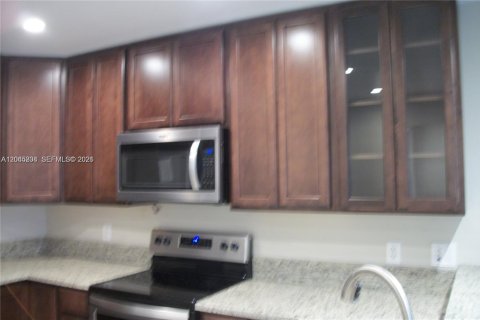 Condo in Miami Lakes, Florida, 1 bedroom  № 2247793 - photo 5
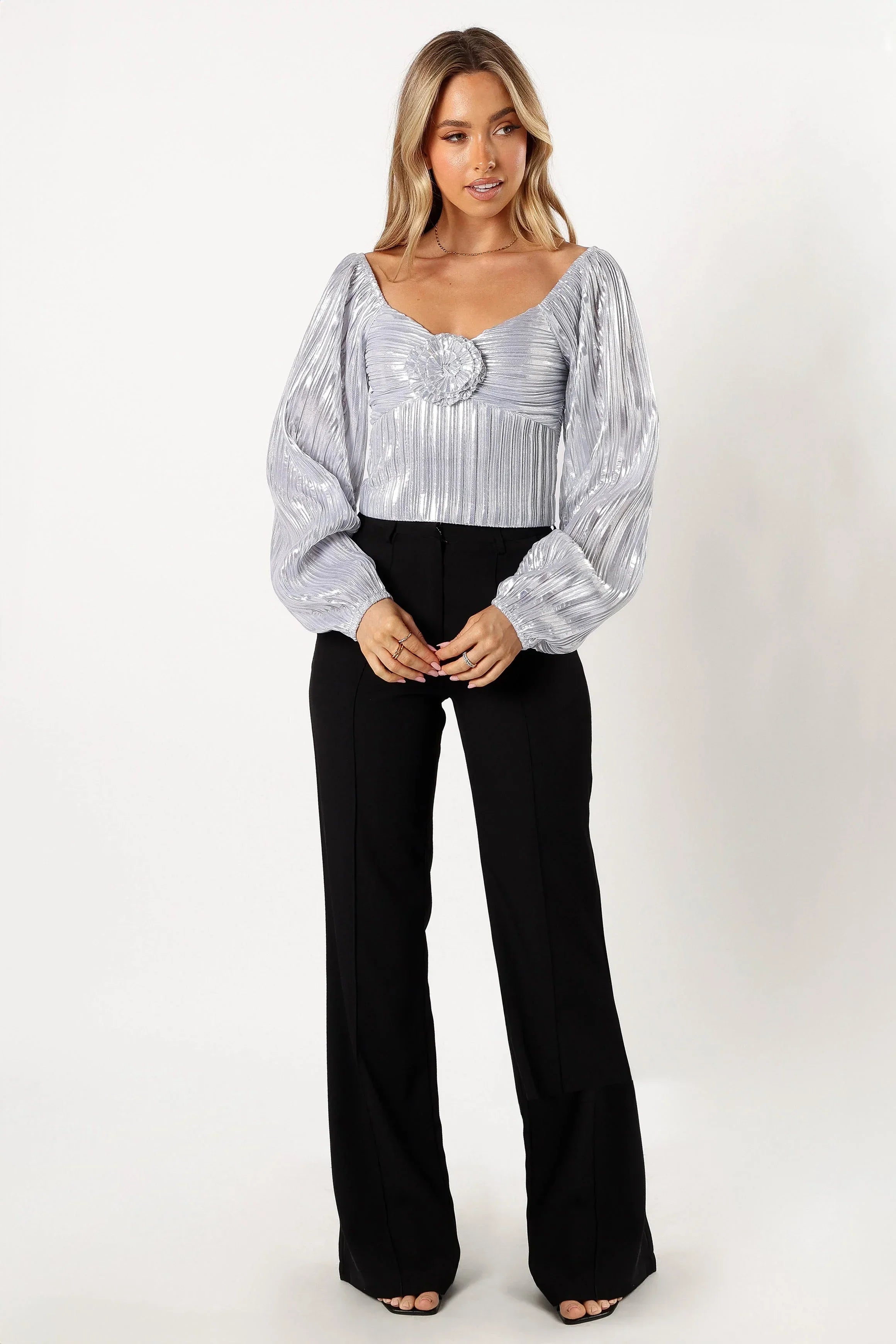 Nyra Rose Detail Top - Silver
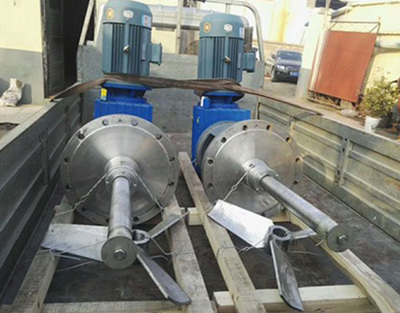 316L脱硫塔侧搅拌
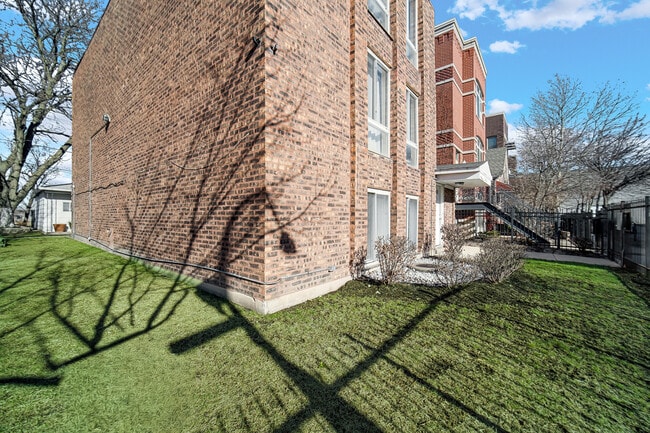 Building Photo - 2654 W 12th Pl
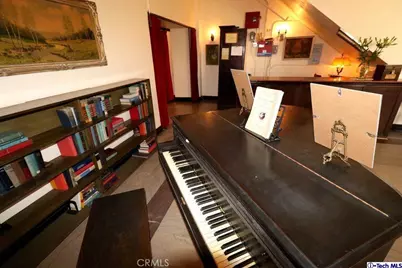 2121 James M Wood Boulevard #224, Los Angeles, CA 90006 - Photo 28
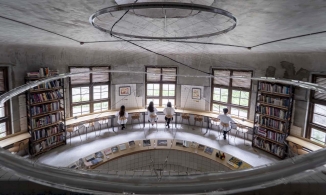 Thư viện được cải tạo từ... nhà tắm công cộng in đậm dấu ấn thời gian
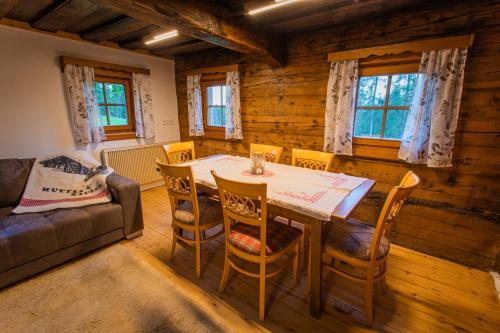 uma sala de jantar com mesa e cadeiras em Holzerjuwel - Minzlhof Ramsau am Dachstein em Ramsau am Dachstein
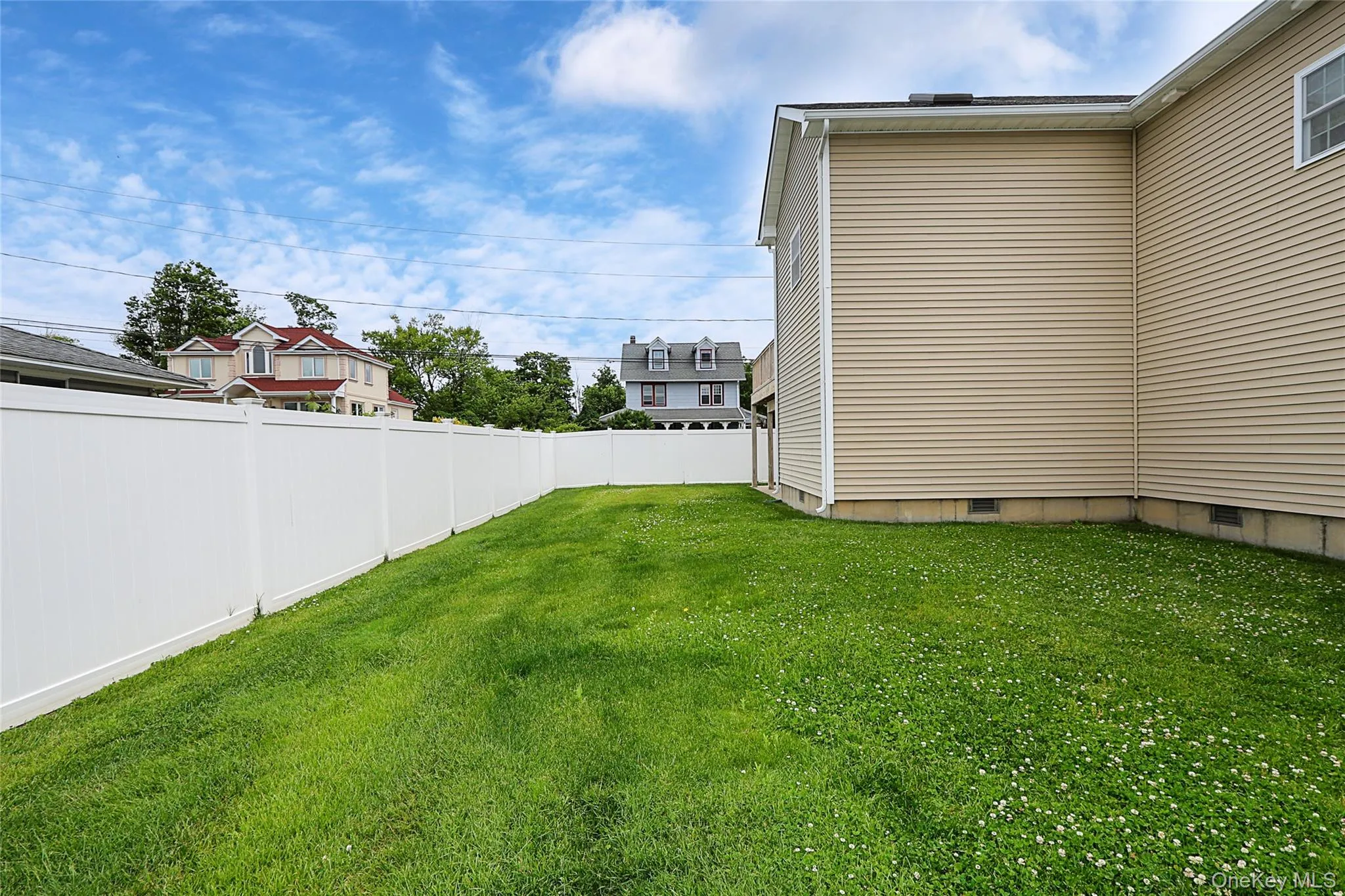 370 Rider Avenue, Brookhaven, NY, 3 Bedrooms Bedrooms, 8 Rooms Rooms,2 BathroomsBathrooms,Residential,For Rent,Rider,0,1012587 370 Rider Avenue, Brookhaven, NY, 3 Bedrooms Bedrooms, 8 Rooms Rooms,2 BathroomsBathrooms,Residential,For Rent,Rider,0,1012587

What you are asked to do: Exact repetition of the data is needed, with no images retained.

Result below:
 Condo in Miami Lakes, Florida, 1 bedroom  № 2247793 - photo 5
 Nyra Rose Detail Top - Silver
 316L脱硫塔侧搅拌
 Building Photo - 2654 W 12th Pl
 2121 James M Wood Boulevard #224, Los Angeles, CA 90006 - Photo 28
 Thư viện được cải tạo từ... nhà tắm công cộng in đậm dấu ấn thời gian
 uma sala de jantar com mesa e cadeiras em Holzerjuwel - Minzlhof Ramsau am Dachstein em Ramsau am Dachstein
 370 Rider Avenue, Brookhaven, NY, 3 Bedrooms Bedrooms, 8 Rooms Rooms,2 BathroomsBathrooms,Residential,For Rent,Rider,0,1012587 370 Rider Avenue, Brookhaven, NY, 3 Bedrooms Bedrooms, 8 Rooms Rooms,2 BathroomsBathrooms,Residential,For Rent,Rider,0,1012587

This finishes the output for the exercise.